-- DATASET EXTRACT follows --

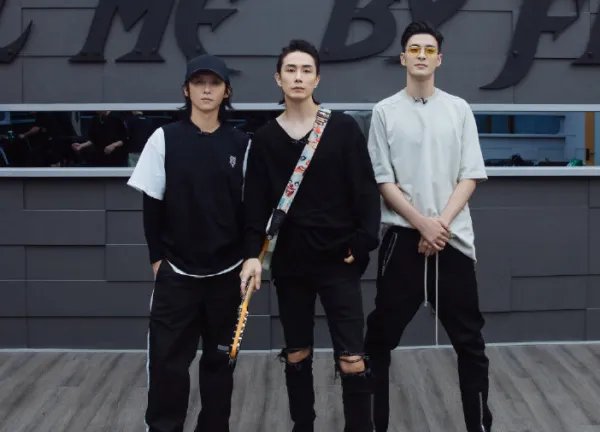 《披荆斩棘的哥哥》，其中有哪几位哥哥已经结婚了呢？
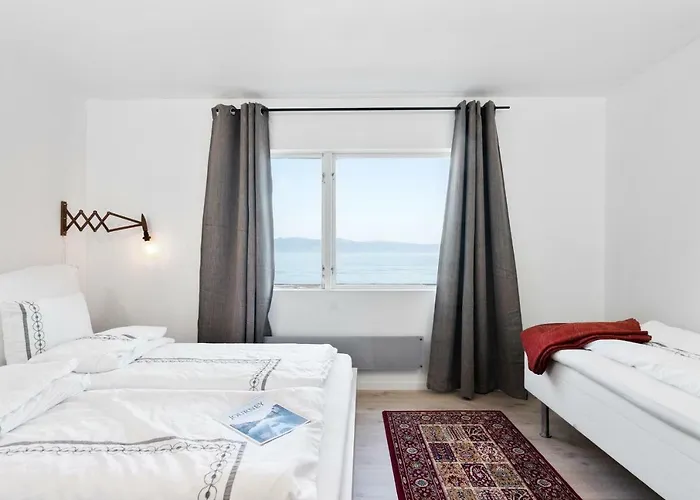 Private House & By The Sea Ferienhaus *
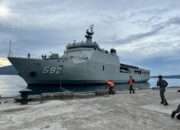 Kodaeral lX Sambut Kedatangan KRI Banjarmasin- 592 Merapat di Dermaga Tawiri Kota Ambon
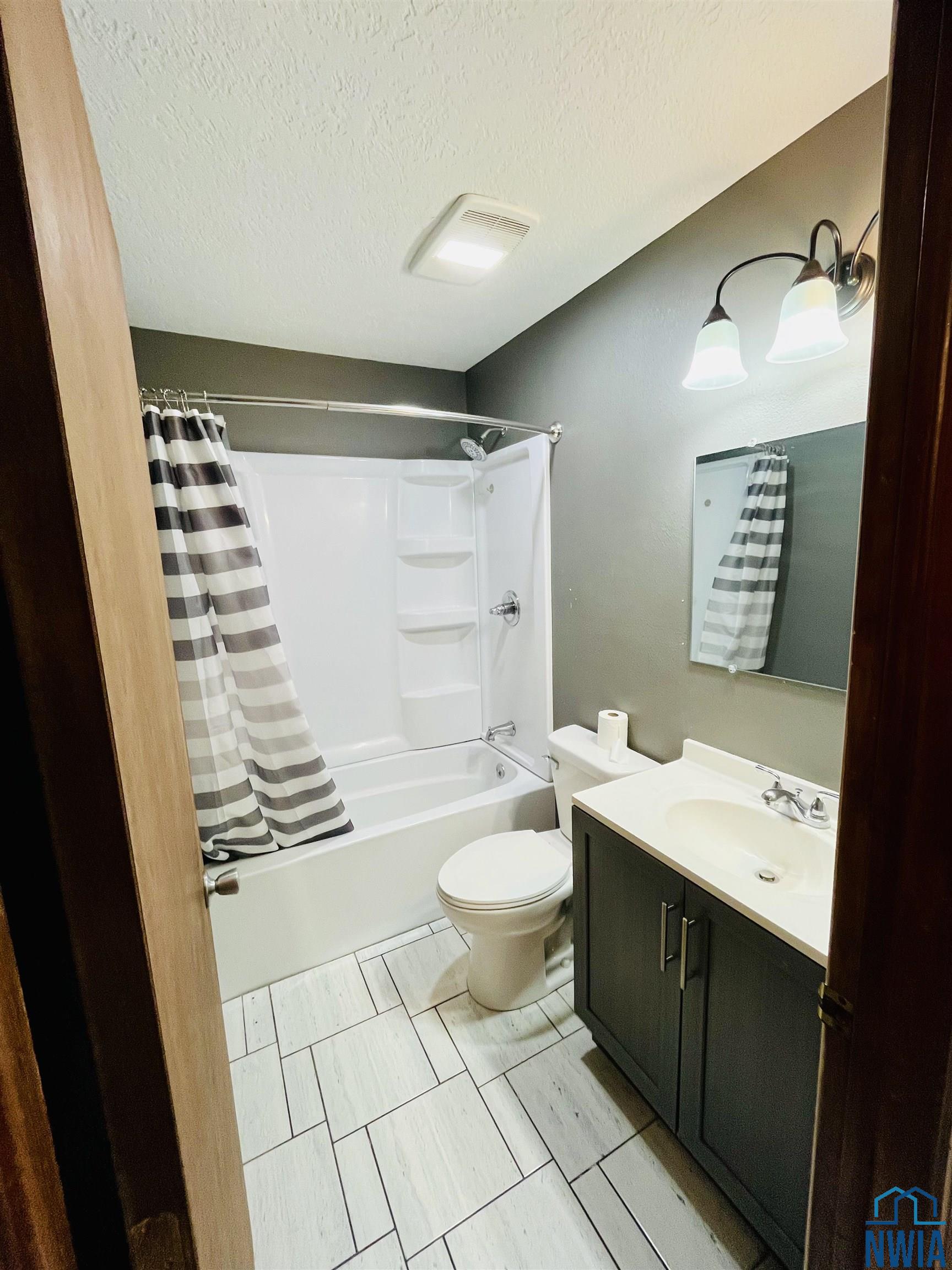 MLS #830711
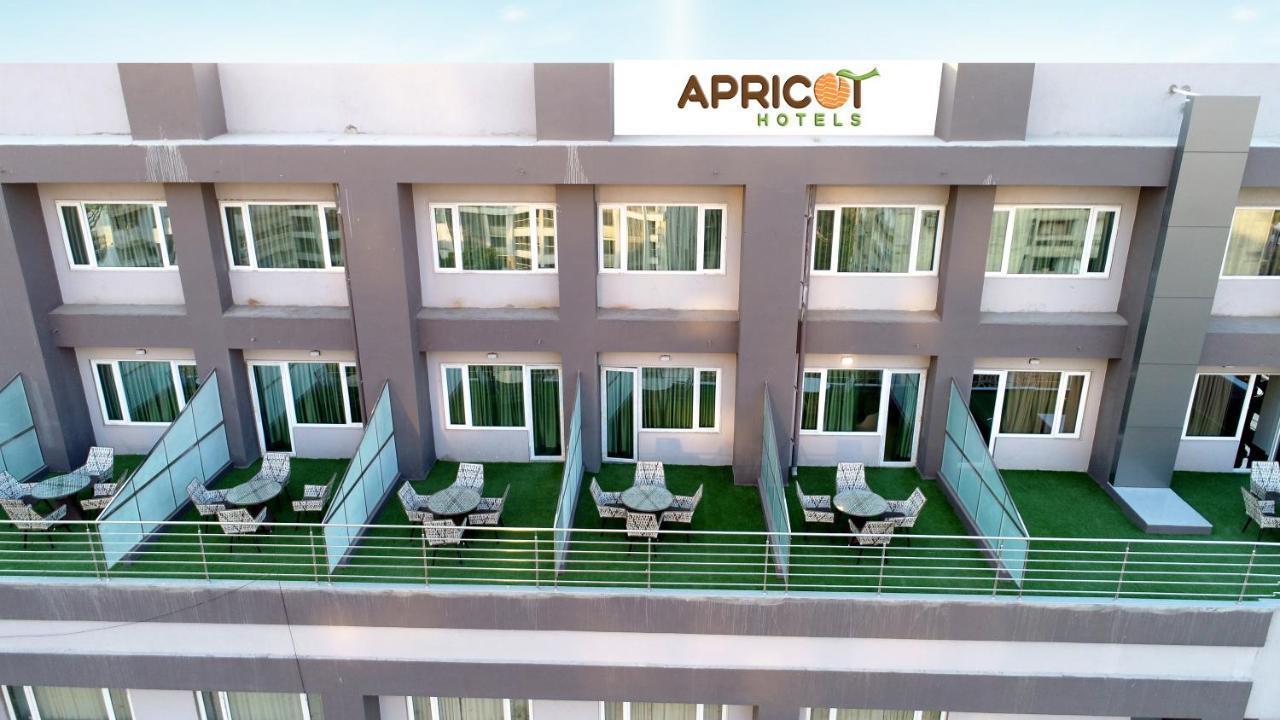 Apricot Hotel , Ahmedabad Exterior photo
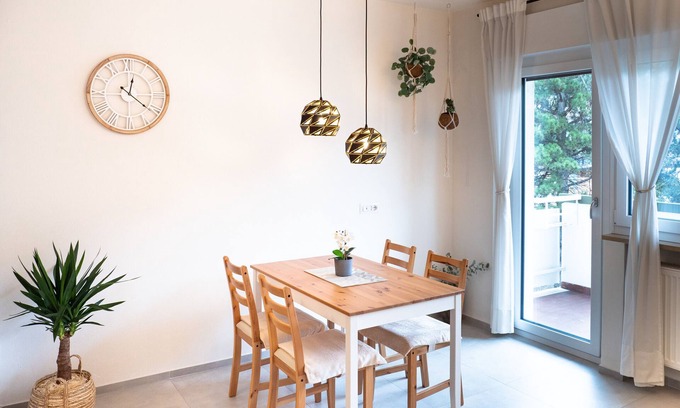 Merano Apartment | Brand New Holiday Apartment "Alex" Near the Center with Mountain View, Wi-Fi & Balcony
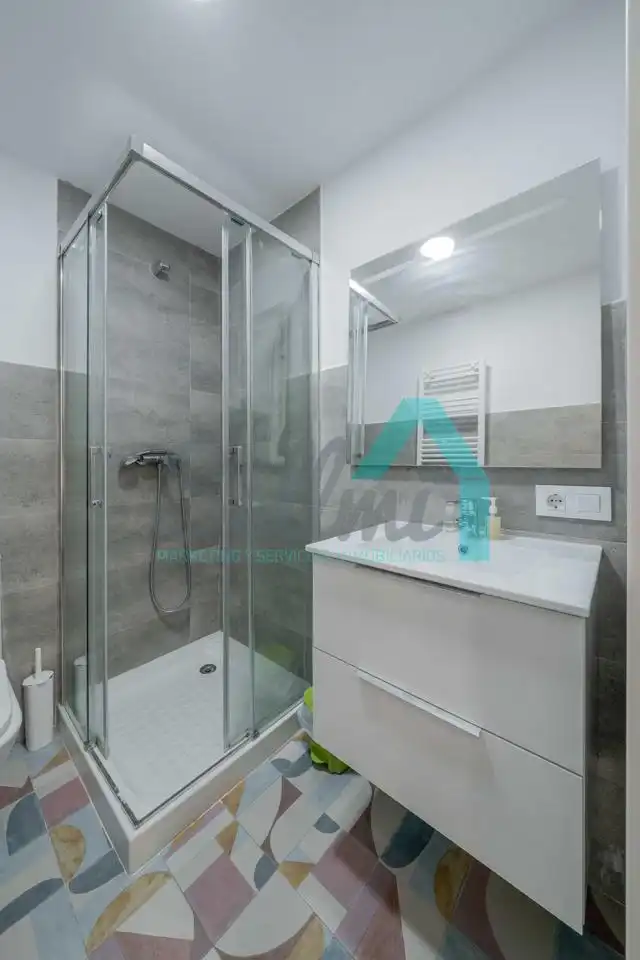 Habitación 133 m², Oviedo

-- DATASET EXTRACT concluded --

Output every entry exactly as given; pictures are not part of the copy.

→ **ANSWER TO THIS TASK**:
 《披荆斩棘的哥哥》，其中有哪几位哥哥已经结婚了呢？
 Private House & By The Sea Ferienhaus *
 Kodaeral lX Sambut Kedatangan KRI Banjarmasin- 592 Merapat di Dermaga Tawiri Kota Ambon
 MLS #830711
 Apricot Hotel , Ahmedabad Exterior photo
 Merano Apartment | Brand New Holiday Apartment "Alex" Near the Center with Mountain View, Wi-Fi & Balcony
 Habitación 133 m², Oviedo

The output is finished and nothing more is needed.